The Paleo movement, created by Loren Cordain, M.D., is a pretty cool concept that takes dieting way back to ancient times. The Paleo diet encourages people to eat fresh, natural foods, and avoided processed, refined and preservative-laced foods. So, instead of packaged foods, refined sugars and dairy, Cordain suggests eating seafood, grass-fed meats, free-range eggs and fresh fruits and vegetables.
Yeah, that's right: GM for General Motors. This seven-day meal plan was originally created by GM for GM employees, collaborating with both the FDA and Johns Hopkins University. GM dieters have reported lost 10 to 17 pounds per week on this diet — which includes drinking lots of water drinking and eating fruits and veggies.

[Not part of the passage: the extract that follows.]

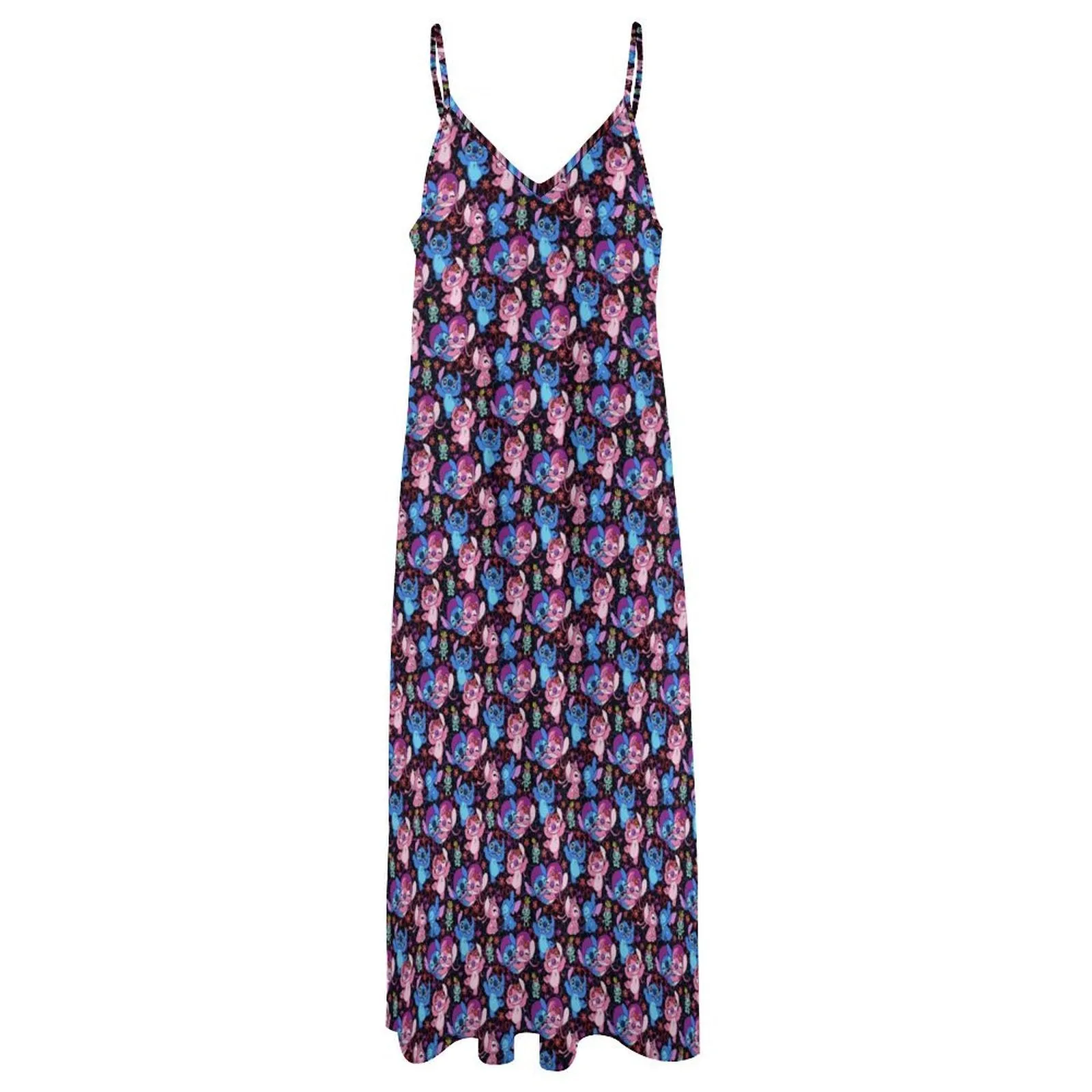 Disney Lilo And Stitch Angel Besties Women's Summer Slip Long Dress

"You can lose up to 10 pounds in one week on the Military Diet, without strenuous exercise or prescriptions. And best of all, the Military Diet is free!" its site claims. The diet outlines a three-day plan that includes three square meals, with foods like hot dogs, ice cream, bananas, crackers and coffee.

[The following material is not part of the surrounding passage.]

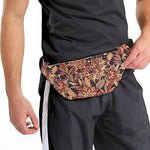 Brown Floral Bohemian Pattern Print Fanny Pack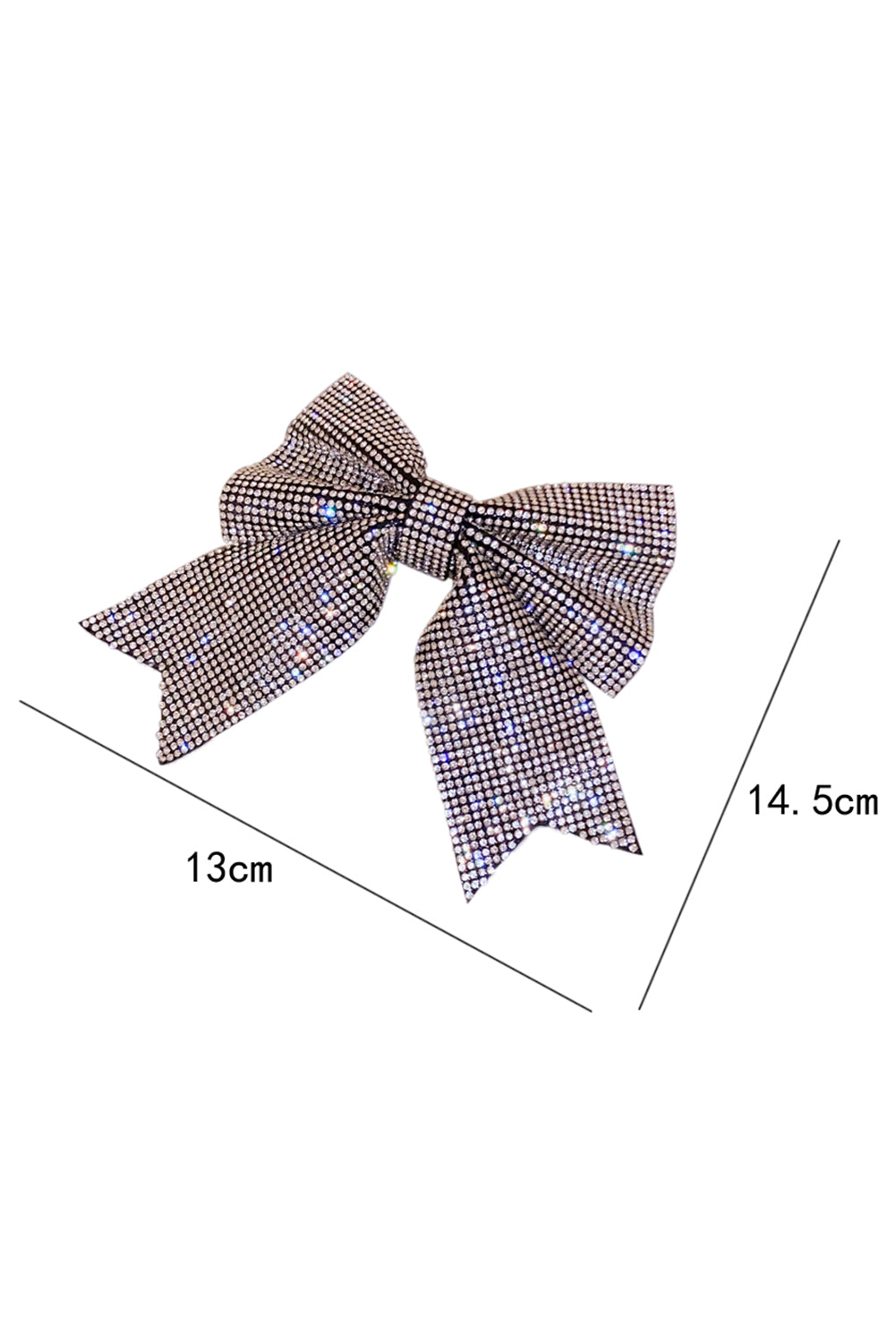 Silvery Rhinestone Large Bow Knot Hair Clip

Atkins induction is the first phase of the Atkins diet, lasting two weeks. You basically eat no carbs — OK, you can have up to 20 net grams of carbs, and if you start reading nutrition labels, you will quickly see that that's practically nothing. (One apple has 25 grams of carbs.) Instead, you eat lots of meat, cheese and eggs — vegans beware!

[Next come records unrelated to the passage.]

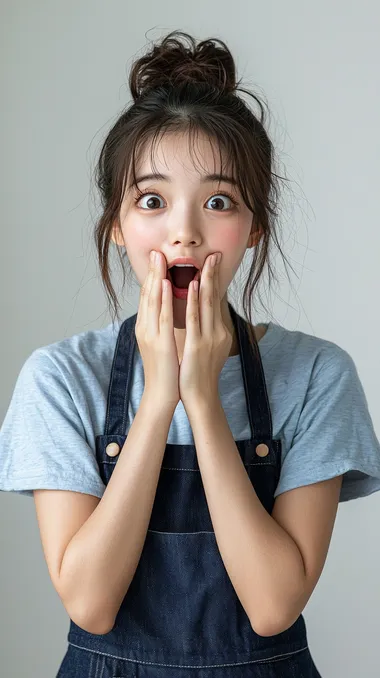 a young cute japanese woman 25s, wearing light soft blue T-shirt, wearing navy blue apron, tied hair like ponytail, wow posture, happy face, smile, surprise, put both hands beside the mouth, wearing soft blue jeans, realistic, white background, sharp tack, Canon EOS R camera with a 50mm f/2.8 lens. f11 aperture, Hyper Realistic photography   --s 250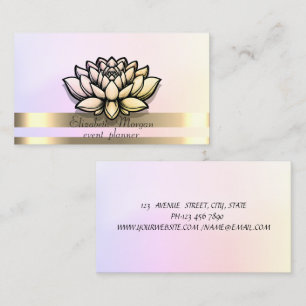 Carte De Visite Elégant Gold Stripes Holographique Chic Lotus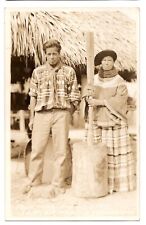 RPPC Real Photo Postcard - John Modlow & wife, Seminole Indians, corn grinder picture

Although there are several variations to this diet — the cabbage soup diet, the vegetable soup diet, the bone broth diet, etc. — they are similar in the sense that you eat (drink?) several bowls of the soup each day for a week, while adding in a new food each day like fruit, brown rice and milk. It's similar to the GM diet.
The 500-calorie diet is just that: 500 calories each day. That's not easy, as one dieter claims. You cut out sugar, fats, starch and alcohol and focus on eating lean meats, seafood, vegetables and some fruits. Oftentimes, this diet has been converted into the 5:2 diet — which allows you to eat "normally" for five days, but consume only 500 calories during the other two days. (Is it just us, or does this sounds unhealthy?)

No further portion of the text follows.